Raina segera menuruni tangga dengan cepat, takut-takut jika seseorang yang ditunggunya terlalu lama menunggu. Ia sedikit menghela nafas kecewa mengetahui jika Dafa yang ditunggunya belum datang. Di ruang keluarganya hanya ada Mama dan Fabian yang sedang menonton TV. Bian sedikit menolehkan wajahnya saat menyadari kakaknya yang baru turun dari tangga.

"Mau jalan sama bang Dafa?" Tanyanya.

"Hmm, Dafa belum kesini Bi?" tanya Raina kembali.

"Ma, besok kak Raina dibeliin kacamata ya. Dia mulai rabun Ma kayaknya," ucap Bian lagi. Raina seketika melotot pada adik laki-lakinya itu.

"Resek loe Bi. Geser bisa gak sih, sofa lebar gitu masih aja ndempet-ndempet ke Mama," ucap Raina sembari menggeser tempat duduk Bian.

"Emang cuma loe doang yang punya Mama. Itu Nyokap gue juga kak," elaknya tak terima.

"Udah-udah, udah pada gede kok masih aja berantem. Mama pusing dengerinnya Rain, Bi," ucap Mama Raina sambil menutup kedua telinganya.

"Bian Ma yang mulai," rengek Raina pada Mamanya. Bian yang mendengar hanya mengendikkan bahunya acuh. Pada akhirnya cewek yang bakal menang. Right.

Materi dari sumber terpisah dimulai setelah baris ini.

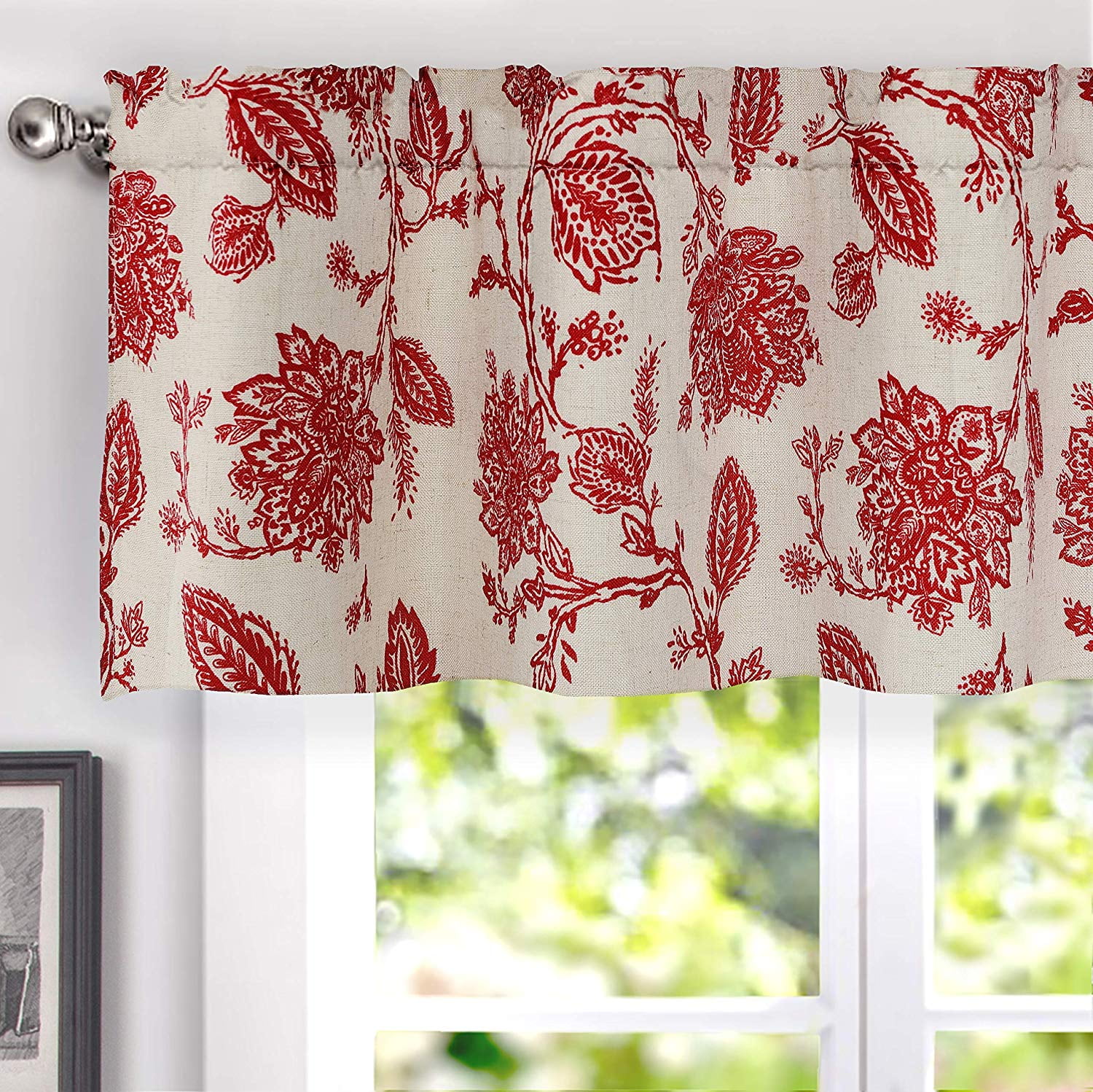 Red Beige Floral Linen Blend Rod Pocket Valance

"Udah ah. Rain kamu mau kemana?" Tanya Mamanya.

"Mau cari buku Ma sama Dafa, bentar lagi kan Raina mau ujian."

"Jangan pulang malam-malam ya Sayang, baik-baik sama Dafa."

"Iya Ma. Tenang aja, Raina pasti jaga diri." Beberapa menit kemudian suara klakson mobil yang sangat dikenal oleh penghuni rumah ini terdengar. Raina langsung berpamitan dengan Mamanya dan melangkahkan kakinya keluar menemui Dafa.

"Kak," panggil Bian tiba-tiba.

"Hmm," gumam Raina sembari menoleh pada adiknya.

"Minta Bang Dafa beliin martabak ya buat gue. Bang Dafa ngerti kok."

Raina hanya memutar bola matanya malas. Bian memang sangat dekat dengan Dafa, jadi ia tak pernah sungkan pada kekasih kakaknya tersebut. Raina dengan cepat keluar. Senyumnya mengembang mendapati Dafa telah bersandar di samping mobil sportnya sembari memainkan handphonenya.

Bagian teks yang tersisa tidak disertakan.